Reliable, according to Google
Consistently good in quality or performance; able to be trusted.
The reliability of Software can be seen in terms of the expectation concerning software’s basic functionality, human error tolerance, performance under load, or security. A system that works correctly, even with faults, is called a Reliable System. (In other words a fault-tolerant or resilient system)
When we talk about Faults, we also hear the word Failure. But what is the difference between a Fault and a Failure?
Fault | Failure |
---|---|
When one component stops working or deviates from its spec | When the whole system stops working |
It is impossible to create a system with 0 faults, so the goal is to design a fault-tolerant system to prevent failures.
Why is it good to deliberately introduce faults?
A system can break for many reasons, like poor error handling. It makes sense to deliberately trigger faults in a system to ensure fault-tolerance machinery is working fine. For example Netflix Chaos Monkey is an open source tool whose job is to randomly kill instances and services within a system so that engineers implement their services to be resilient to instance failures.
Netflix: The best way to avoid failure is to fail constantly.
Note – There are cases when introducing faults is impossible, like Security matters. In those cases, prevention is better than cure because a cure doesn’t exist.

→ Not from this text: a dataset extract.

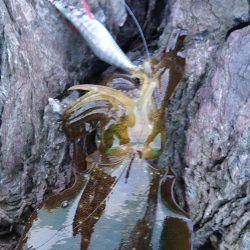 サーフと地磯エギング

Faults can be categorized broadly in 3 ways Hardware, Software, and Human induced.
Hardware Fault
Possible hardware fault reasons include faulty RAM, power blackouts, hard disk crashes, etc. Hard disks are said to have a mean time to failure (MTTF) of 10-50 years, so in a large data center, we can assume one disk dies per day on average.
To tackle such situations, we can add redundancy by setting up RAID configuration for multiple drives, having a dual power supply, using hot-swappable CPUs, or other power backup techniques.
A Random Array of Independent Disks (RAID) is a strategy used to set up multiple drives for better performance and reliability of data stores.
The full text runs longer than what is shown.